3. ScenCST (Cost-Based Dispatch)
Cost-based dispatch simulates the market based on the pure economic production cost of stations rather than their market bids.
3.1 Understanding Cost Curves
● Maximum Capacity Rating (MCR): Power stations operate at their best efficiency at the Maximum Capacity Rating. ● Heat Rate Curve: This curve maps fuel burn efficiency in gigajoules to output. This translates via dimensional analysis into a Pesos per Megawatt Hour metric. ● Merit Order: iPool dispatches base load plants, like coal, first because they are the cheapest to operate. This is followed by intermediate plants, and peaking plants like diesel and oil last. Note that Combined Cycle Gas plants can also be cheap, but supplies like Malampaya are running out. Note: Pure economic dispatch will always produce flat and very low system prices, often below 2,000 PHP/MWh. It is excellent for long-term system reliability studies from 10 to 20 years but does not accurately reflect real-world market pricing. Command Line Execution: To turn on cost-based dispatch: DOS -cost 1
Levels of cost base configurations include options for Unit Commitment, Dump Energy, or Reserve options.
3.2 Administered Pricing
Because cost-based dispatch produces artificially low prices, modelers apply Administered Pricing on top of the generation profile to calculate realistic revenues and profits. Command Line Execution: DOS -P administered_prices.csv -nodis ● -P: Loads a CSV file containing fixed or complex price profiles, such as a flat 5,000 PHP price or complex 24x4 seasonal NPC prices from the old days. ● -nodis: Stands for "No Dispatch". It tells iPool not to re-run the dispatch generation, but simply to grab the CSV prices and apply them onto the existing generation profiles to determine the cost of operation. ● Tip: You can use the ING Downloader tool's "Price Aggregation Tab" to collect IEM AP real prices into a single file ready to be plugged into iPool.

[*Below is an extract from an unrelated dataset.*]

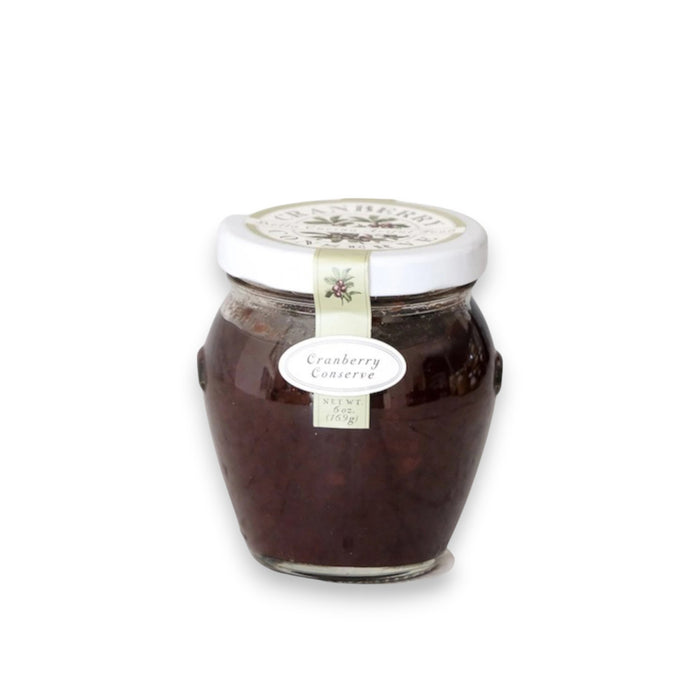 A small jar of BELLA CUCINA - CRANBERRY CONSERVE makes the perfect holiday gift. The white lid and decorative band add a festive touch, while the dark red preserve inside is a pantry essential.
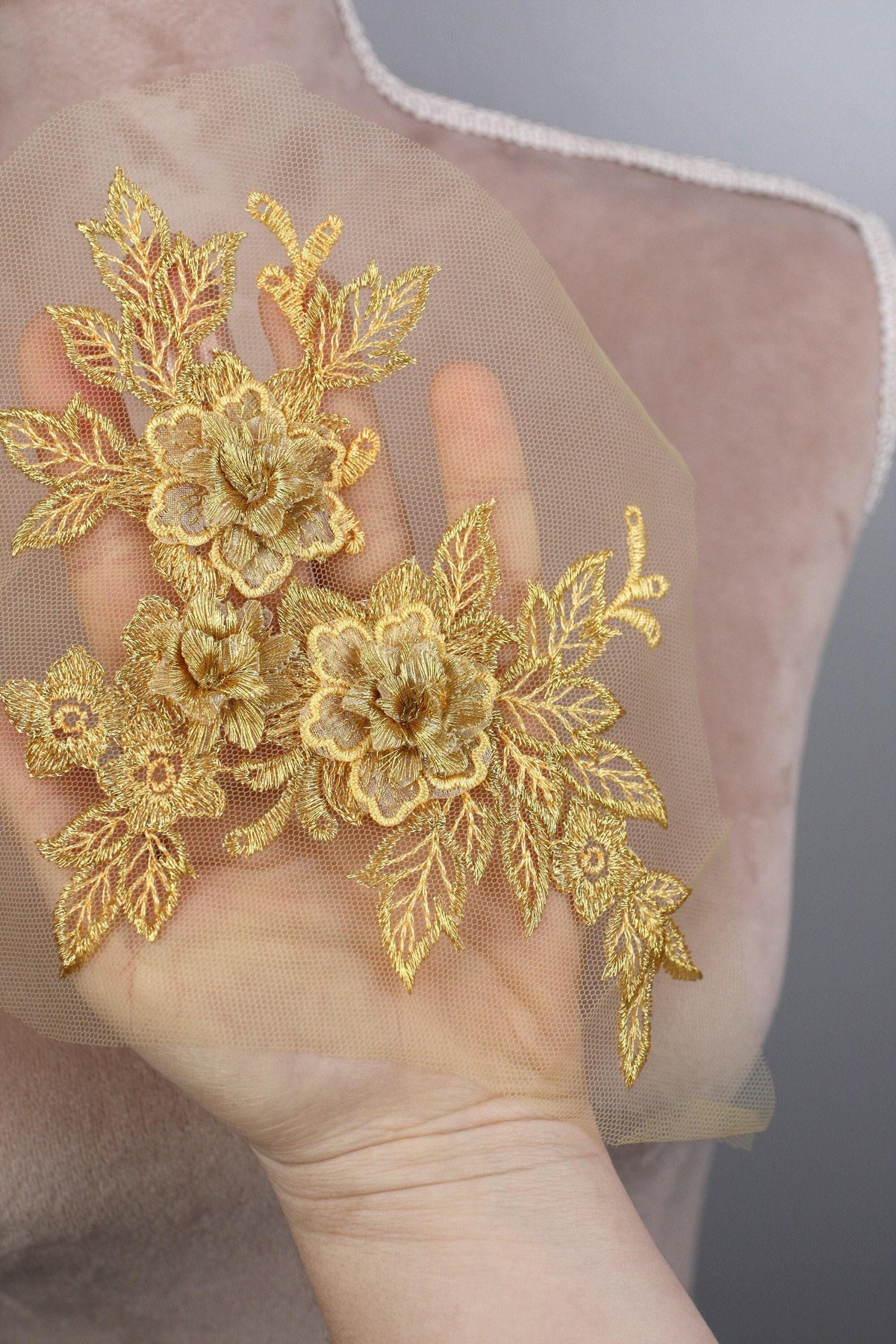 A hand holding a delicate gold floral embroidered piece of fabric.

3.3 Marginal Loss Factor (MLF)
When reviewing financial outputs, prices are adjusted by the MLF, which is found in the RTD or RTP files. The MLF is a measure of transmission losses from the generator to the zonal reference node. ● For example, if a reference node has a Locational Marginal Price (LMP) of 5,000 PHP and a 5% transmission loss, which is an MLF of 1.05 in WESM convention, a generator must generate 105 MW to supply 100 MW. The resulting System Marginal Price (SMP) for that node is calculated by multiplying the LMP by the MLF, such as 5,000 multiplied by 1 equating to 5,250 PHP.